Fri Feb 18 17:07:27 PST 2005

Dear John,

Sorry for the delayed response.  I found myself nodding in agreement as 
I read through Peter's response.  As Peter mentioned, we did extensively 
debate the issue you raised and Wilkinson's papers specifically during 
the development of EML 2 drafts (you can read the emails on the list 
archives), so I wanted to clarify some of our motivation.  We all agree 
there are many measurement scale classifications, that the Stevens 
typology has its limitations, and that the Stevens typology does not 
truly distinguish what one *can* do with the data in an analysis.

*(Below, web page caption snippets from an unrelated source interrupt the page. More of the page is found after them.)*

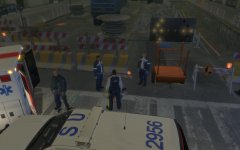 Traffic officers talk to the paramedics.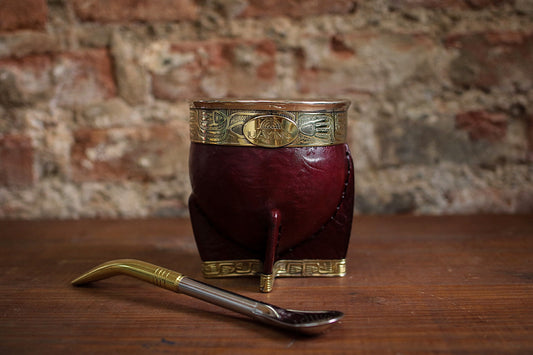 Mate Imperial de Cuero y Bronce con Bombillón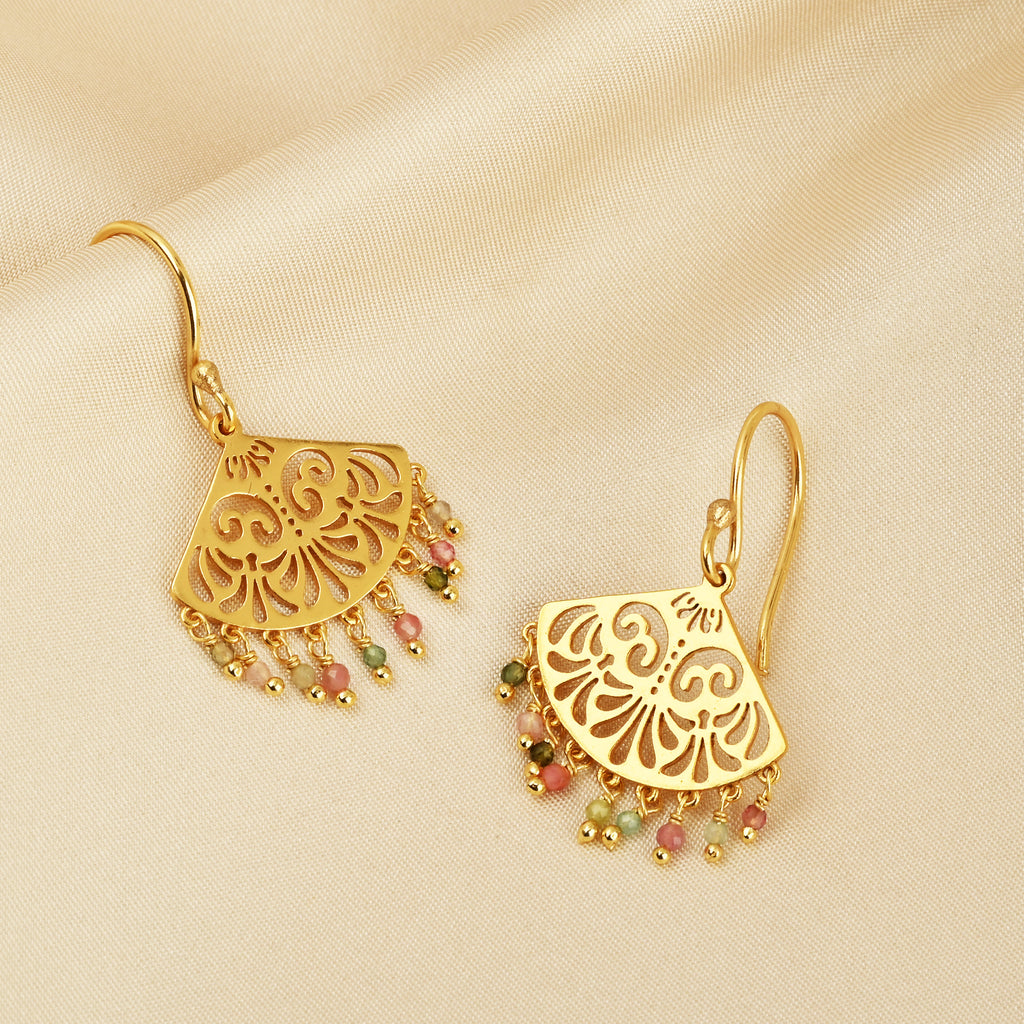Filigree Fan Drop Earrings with Multicolor Tourmaline Beads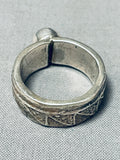 Domed Light Green Spiderweb Turquoise Vintage Native American Navajo Sterling Silver Ring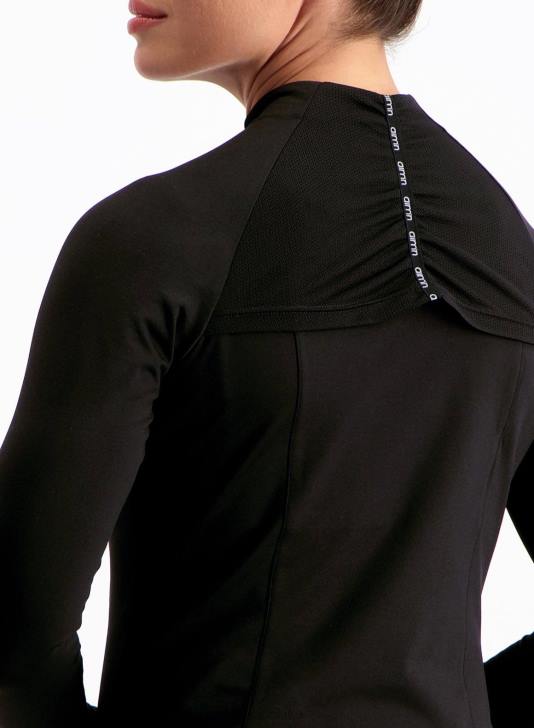 odzież JF4L374 kobiety AIM'N czarna warstwa środkowa z długim rękawem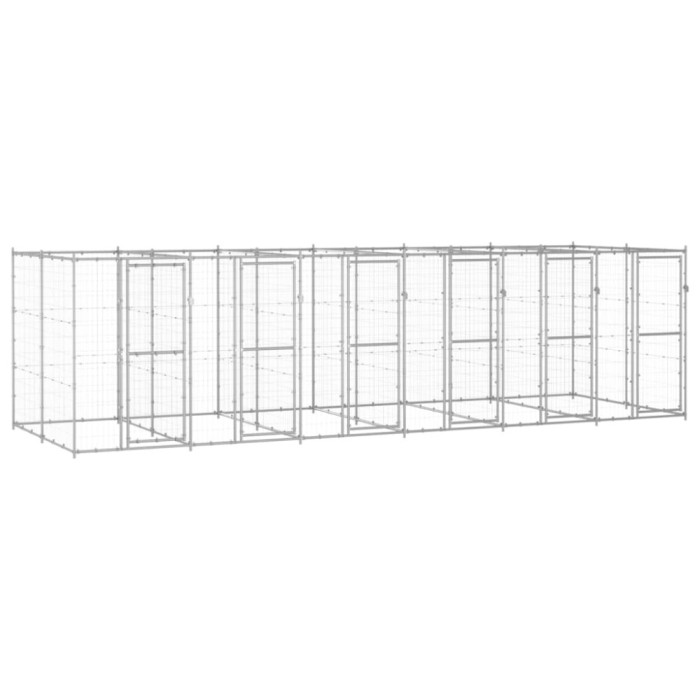 Padoc pentru c&acirc;ini de exterior, 14,52 m&sup2;, oțel galvanizat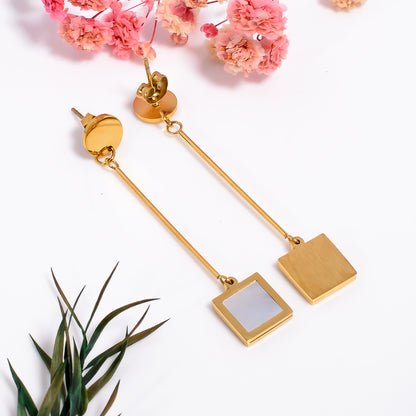 Gold Pearl Dangle Earrings, Geometric Design, Mother of Pearl Inlay Earrings, Silver Pearl Earrings, Jewelry for Women, Gift for Her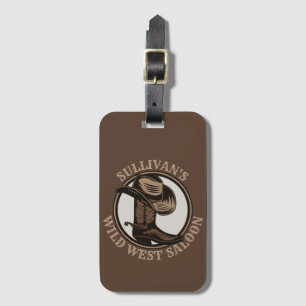 Gepersonaliseerde Wilde West Saloon Westerne Cowbo Bagagelabel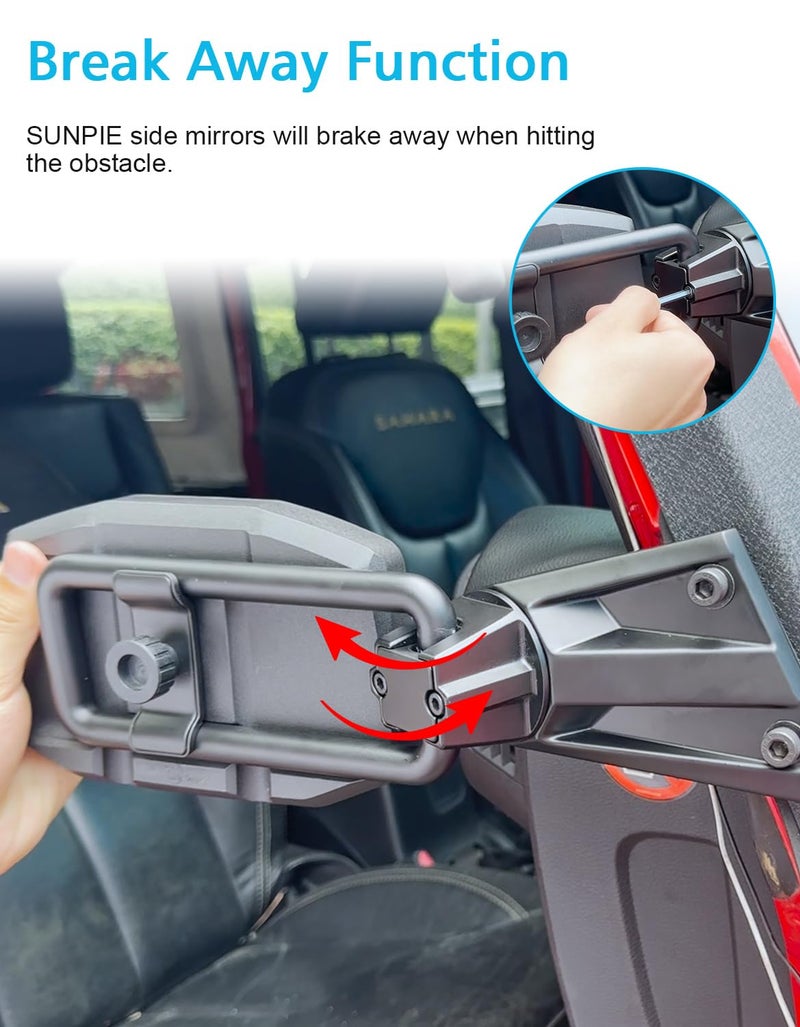 SUNPIE Mirrors Doors off Side Mirror Compatible with Jeep Wrangler JK JKU 2007-2018 2 Doors and 4 Doors, Shockproof Adjustable Wrangler JK Side Mirrors No Vibrate & Wobble, No Fit Doors on - Image 2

That said, we had a very specific and pragmatic reason for including the 
typology in EML: it is the simplest well-known classification that 
allowed us to distinguish the types of additional information that 
should be associated with each attribute.  So, for example, we felt it 
was inappropriate to provide a 'unit' for a categorical variable (units 
and other properties only apply to quantities).  We also wanted to be 
able to distinguish when one should provide the definititions for 
categories (such as "P = phosphorus treatment, Z = no treatment"), which 
are inappropriate for numerical quantities.  The list of properties for 
each attribute was important to get from the original data provider, so 
we wanted to make some of the fields required (e.g., we wanted unit to 
be required for numerical quantities).  These desires led us to the need 
to classify attributes into groups that allowed us to apply the right 
set of requirements on the additional information (such as units). 
Stevens typology was standard, broadly understood, and had about the 
right level of granularity.  With the addition of datetime, which is an 
entirely other can of worms that we debated ad-nauseum, we thought the 
typology would serve us nicely in distinguishing which information 
should be provided.  But to be clear, that we ask the metadata provider 
to classify attributes and provide the different additional information 
depending on the measurementScale in no way limits the analysis of the 
data by a later user.  People can anlyse the data any way they see fit 
-- we just want to make sure that if the original collector thought that 
a particular variable had unit 'meter' that this information was 
recorded correctly.

With more experience, I now think we could probably have done with one 
fewer measurement scales.  In particular, the difference between 
interval and ratio is subtle, and the domain specification for them is 
the same -- they both are numeric quantities with units and precision, 
etc.  This seems to be where almost all of the confusion over 
measurement scale arises.  At this point, we could probably get away 
with 4 measurement scales:
   * nominal
     -- information provided defines meaning of categories
   * ordinal
     -- information provided defines meaning of categories and
        order of values
   * numeric (includes interval and ratio)
     -- information provided defines numeric domain, precision, unit, etc
   * datetime
     -- information provided defines format and date domain

That set of 4, however, is an entirely non-standard typology, so a 
little harder to defend, but it would suffice for partitioning up our 
attributes into the groups needed to set the domains and other 
information properly.  I think there is something to be gained by 
sticking with the well-known Stevens typology, despite its known 
shortcomings.  Nevertheless, we could open this issue up again for 
another revision of EML.  I'm not sure its worth the trouble of the 
change (there would be backwards compatibility issues), but we can 
certainly discuss it on eml-dev.  What I probably wouldn't go along with 
is eliminating measurementScale altogher because I think it is needed to 
properly segregate metadata about numeric quantities from metadata 
needed for nominals, ordinals, and dates.  Do you have some other 
mechanism than classifying into measurementScales that would allow EML 
to require the 'unit' field for certain variables (e.g., body_length) 
but not allow 'unit' to be filled in for others (e.g., species_name)?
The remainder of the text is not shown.